Hangul (Korean alphabet)
한글
Hangul is the Korean alphabet — 14 consonants and 10 vowels — invented in 1443 by King Sejong the Great and his scholars. Unlike most writing systems, Hangul wasn't evolved from an earlier script; it was designed on purpose, and its letter shapes encode the position of the mouth when you pronounce each sound.
All 24 Letters
About
Hangul (한글) is uniquely modern among world scripts—invented in 1443 CE by King Sejong the Great, specifically designed with scientific letter shapes. The 14 consonants look like diagrams of mouth position (where the tongue touches), and the 10 vowels combine simple geometric shapes representing heaven, earth, and human. No other alphabet was designed so recently or purposefully.
Hangul forms syllables in letter blocks—not linearly like English. The word '한글' is one block containing three letters: ㅎ(hn)+ㅏ(a)+ㄹ(l)—all pronounced together as a single syllable. English readers see this as a logographic 'character,' but Hangul is truly alphabetic—merely arranged in 2D blocks.
History
King Sejong invented Hangul in 1443 to let commoners read and write—prior Korean used complex Chinese characters (hanja) that took decades to learn. The court scholars opposed Hangul as too simplistic, but the people embraced it. The original name 'hunminjeongeum' means 'correct sounds for instructing the people,' later shortened to 'hangul' (great script).
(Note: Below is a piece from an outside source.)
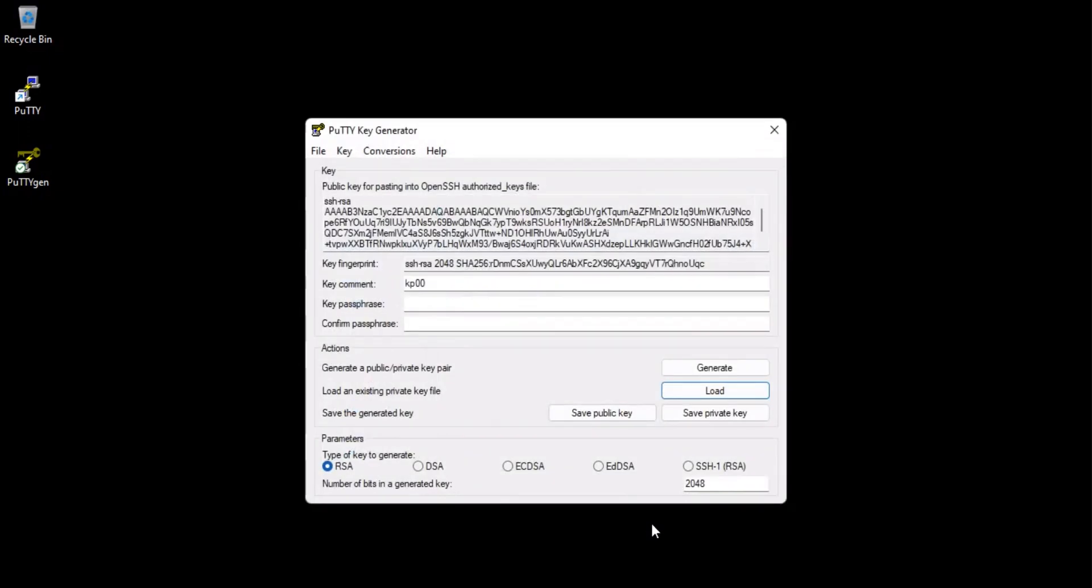After selecting the private key, click Conversions, then click Export OpenSSH Key.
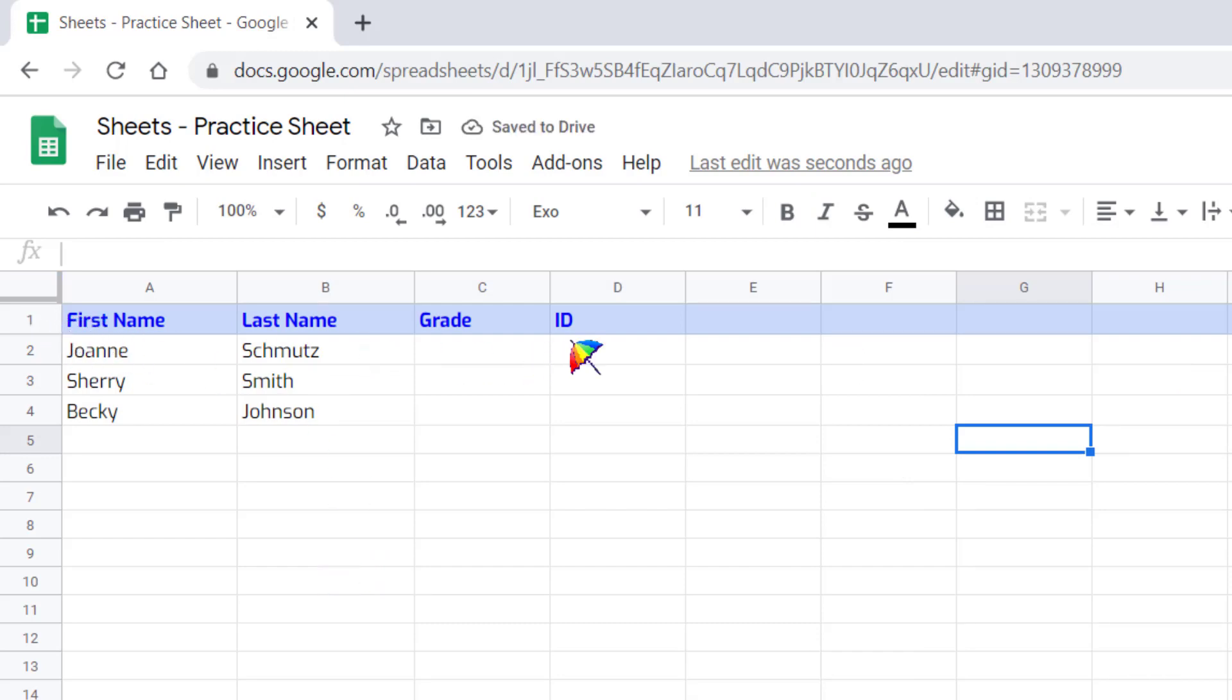So those are just some of the basic formatting features that you can see. You can explore additional ones up top here by clicking around.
Japan occupied Korea 1910-1945, banning Korean language. After independence, North Korea and South Korea both restored Hangul—the only alphabet both nations share. When South Korea democratized, both traditional ( full) and simplified forms existed—the simplified form won in the 1970s simplification.
Things You Might Not Know
- •Hangul is one of youngest alphabets—invented in 1443 CE, a true modern invention
- •Consonant letters show tongue position: ㄱ( tongue in back), ㄴ( tongue at top), ㄹ( tongue between)
- •Each vowel shape represents nature: horizontal line=earth, vertical line=human, dot=heaven
- •Letters assemble into syllable blocks—not single letters but letter-clusters
Frequently Asked Questions
How many letters does Hangul have?
Why does Hangul look like boxes?
Is Hangul alphabet hard to learn?
What's the difference between ㄱ and ㄲ?